Problem description. Wherever the string "great" turns up in the data, copy the whole line.

Data listing.

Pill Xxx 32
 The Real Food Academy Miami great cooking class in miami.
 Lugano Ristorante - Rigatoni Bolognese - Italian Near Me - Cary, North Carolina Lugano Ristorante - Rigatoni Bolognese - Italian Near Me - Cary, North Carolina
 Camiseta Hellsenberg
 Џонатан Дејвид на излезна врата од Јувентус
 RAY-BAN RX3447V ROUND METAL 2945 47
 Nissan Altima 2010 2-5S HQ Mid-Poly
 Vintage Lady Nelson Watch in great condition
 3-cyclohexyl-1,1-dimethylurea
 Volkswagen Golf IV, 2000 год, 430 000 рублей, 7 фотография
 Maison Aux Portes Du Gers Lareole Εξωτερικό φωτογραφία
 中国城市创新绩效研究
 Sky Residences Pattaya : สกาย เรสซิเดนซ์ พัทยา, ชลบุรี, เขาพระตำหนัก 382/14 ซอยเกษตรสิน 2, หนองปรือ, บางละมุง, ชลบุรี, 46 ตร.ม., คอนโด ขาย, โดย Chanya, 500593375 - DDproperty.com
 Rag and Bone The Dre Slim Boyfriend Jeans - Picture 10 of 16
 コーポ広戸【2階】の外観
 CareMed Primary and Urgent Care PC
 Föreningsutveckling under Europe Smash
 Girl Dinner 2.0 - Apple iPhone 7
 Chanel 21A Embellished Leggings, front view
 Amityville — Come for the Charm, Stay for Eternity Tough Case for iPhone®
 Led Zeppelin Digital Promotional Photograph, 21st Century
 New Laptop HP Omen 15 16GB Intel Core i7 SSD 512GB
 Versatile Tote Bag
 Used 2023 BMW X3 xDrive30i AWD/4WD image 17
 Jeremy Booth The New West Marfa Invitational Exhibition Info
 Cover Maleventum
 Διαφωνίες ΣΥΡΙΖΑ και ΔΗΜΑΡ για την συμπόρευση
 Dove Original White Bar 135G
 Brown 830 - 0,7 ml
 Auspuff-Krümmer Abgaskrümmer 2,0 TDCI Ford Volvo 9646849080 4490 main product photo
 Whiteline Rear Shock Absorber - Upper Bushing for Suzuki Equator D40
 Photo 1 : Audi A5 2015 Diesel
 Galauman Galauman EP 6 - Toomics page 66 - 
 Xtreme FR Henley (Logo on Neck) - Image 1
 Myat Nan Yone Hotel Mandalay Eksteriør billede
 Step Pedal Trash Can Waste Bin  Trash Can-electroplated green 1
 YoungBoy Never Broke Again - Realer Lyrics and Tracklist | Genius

Expected answer.
 The Real Food Academy Miami great cooking class in miami.
 Vintage Lady Nelson Watch in great condition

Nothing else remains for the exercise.